Create batch jobs
Categories:
Prior reading: Use the Cromwell engine to run WDL workflows
Purpose: This document provides detailed instructions for creating, running, and monitoring WDL workflow batch jobs.
Introduction
In addition to single-job workflows, Verily Workbench supports WDL workflow batch jobs on GCP workspaces via the Workbench UI and the Workbench CLI.
Terminology
The following concepts are important to understand when it comes to running workflows:
A batch job refers to a single workflow that is launched many times in parallel with different inputs. It's orchestrated through Workbench.
A job is a general term that describes a unit of work or execution in computing. Within Verily Workbench, a job refers to a running instance of a workflow. It takes in the workflow configuration (the WDL file(s)) and a key-value pair input. Additional input options are available to define how the job is executed.
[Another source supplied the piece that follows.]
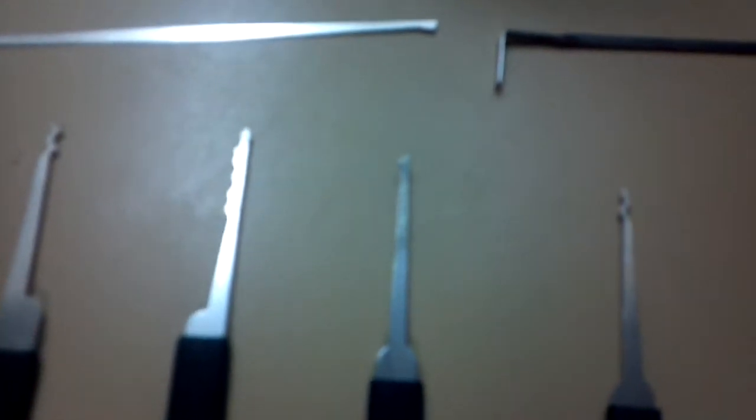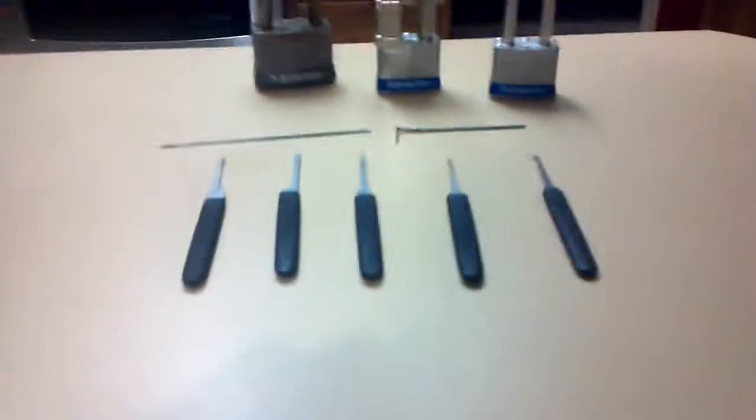Here are the tools I'm going to be using: my bent tension wrench, Bogota, rake, half diamond, snake rake, and regular lock.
A task refers to a stage or activity executed within a workflow. Multi-stage workflows are divided into a series of tasks, while a single-stage workflow is one task itself. In Cromwell, tasks are referred to as sub-workflows.
Create a workflow and run a batch job
Prerequisites
If you're using the Workbench CLI to run batch jobs, run wb version to confirm you're
running at least version 0.422.99. Set your workspace to the one you want to use for your workflow
by running wb workspace set --id=<workspace-name>.
Create a workflow
See Add workflows for step-by-step instructions.
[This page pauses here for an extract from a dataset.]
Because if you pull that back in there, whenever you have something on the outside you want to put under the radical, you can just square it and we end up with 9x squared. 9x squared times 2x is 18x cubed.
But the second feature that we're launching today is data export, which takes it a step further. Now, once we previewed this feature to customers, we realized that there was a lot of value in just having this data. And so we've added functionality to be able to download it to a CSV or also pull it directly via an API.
Run the following, replacing the values in <>. Note that Git
repositories aren't currently supported as repos:
wb workflow create \
--bucket-id=<bucket-id>\
--path=<path/to/your/main.wdl> \
--workflow=<workflow-name>
Note
You can see all of your workflows on the Workflows tab in the Workbench UI or by runningwb workflow list.
Run a batch job
File formatting
For batch jobs, you'll need to provide an input table in a CSV file. The CSV should follow a format like this:
name,last_name,location,age,is_hobbit,height,friends,counts
Bilbo,Baggins,Bag End,85,TRUE,4,"[""Dex"", ""Dan""]","{""count1"":1,""count2"":2}"
Frodo,Baggins,Bag End,30,TRUE,4.3,"[""Sam""]","{""count1"":1}"
,,,,,
Sam,Gamgee,Hobbiton,31,TRUE,4.2,"[""Frodo""]","{}"
Gandalf,none,none,188,FALSE,6.1,"[""Frodo"", ""Sam""]","{""count1"":100}"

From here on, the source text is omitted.